- **Task requirements**
Pictures are not part of the answer. Write out exactly the lines from the one containing "Foto: Colheita de" through the end of the material below.

- **Source material**
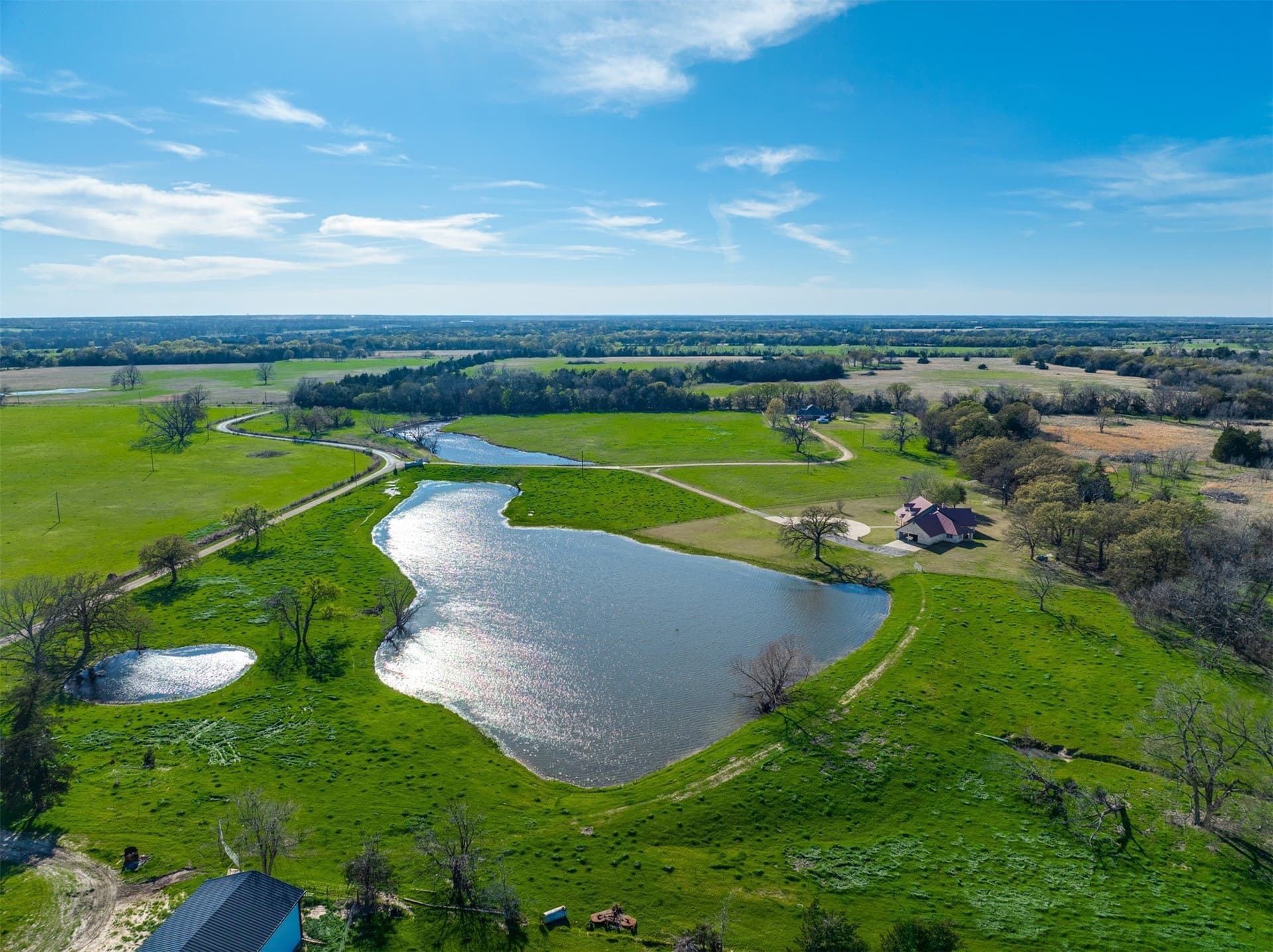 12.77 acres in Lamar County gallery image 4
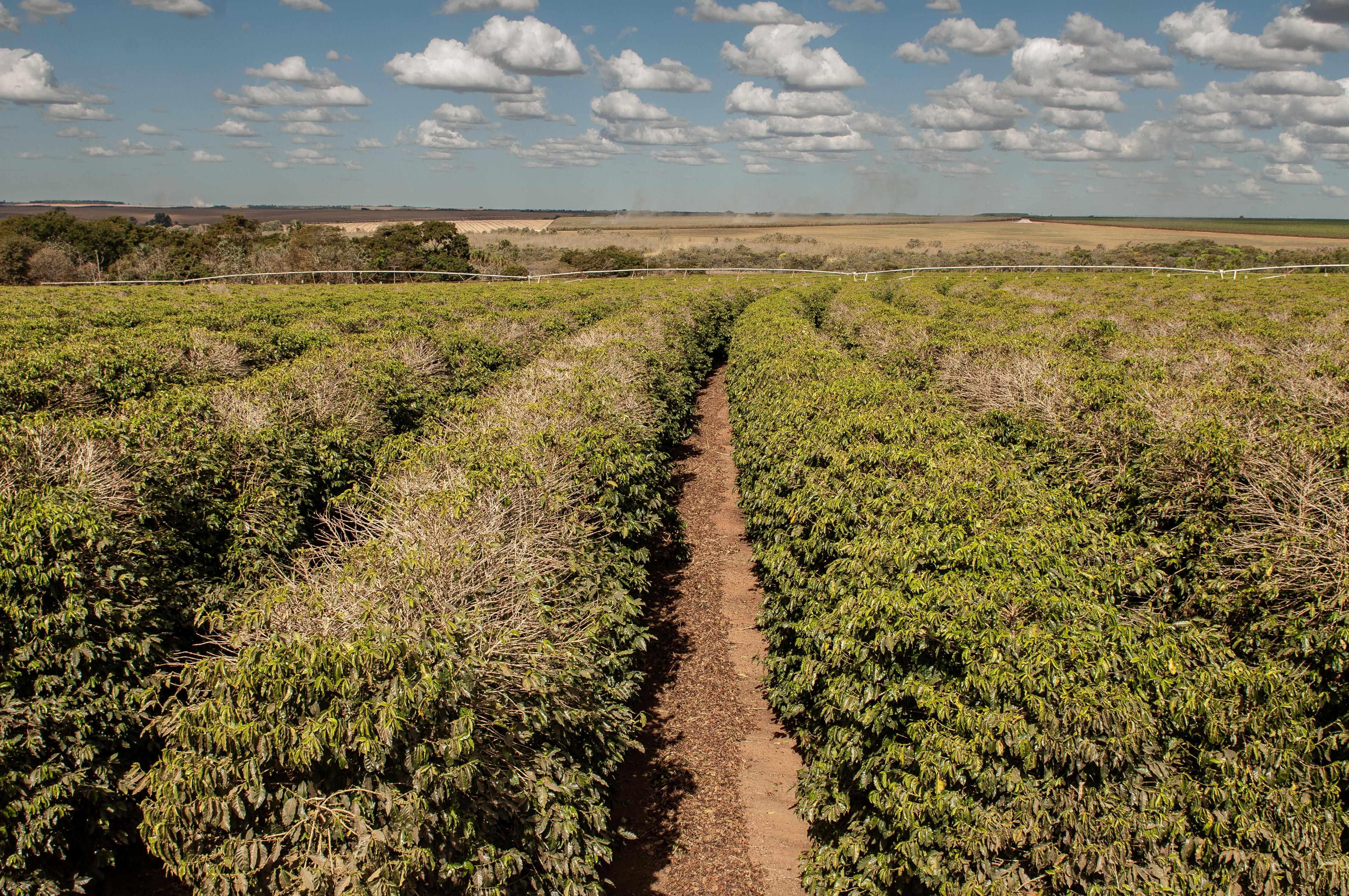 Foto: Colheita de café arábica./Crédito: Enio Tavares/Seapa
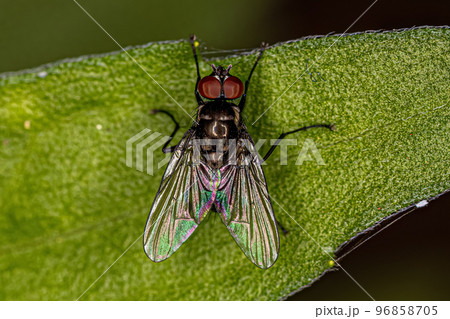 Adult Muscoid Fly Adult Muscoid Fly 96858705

- **Answer to the exercise**
 Foto: Colheita de café arábica./Crédito: Enio Tavares/Seapa
 Adult Muscoid Fly Adult Muscoid Fly 96858705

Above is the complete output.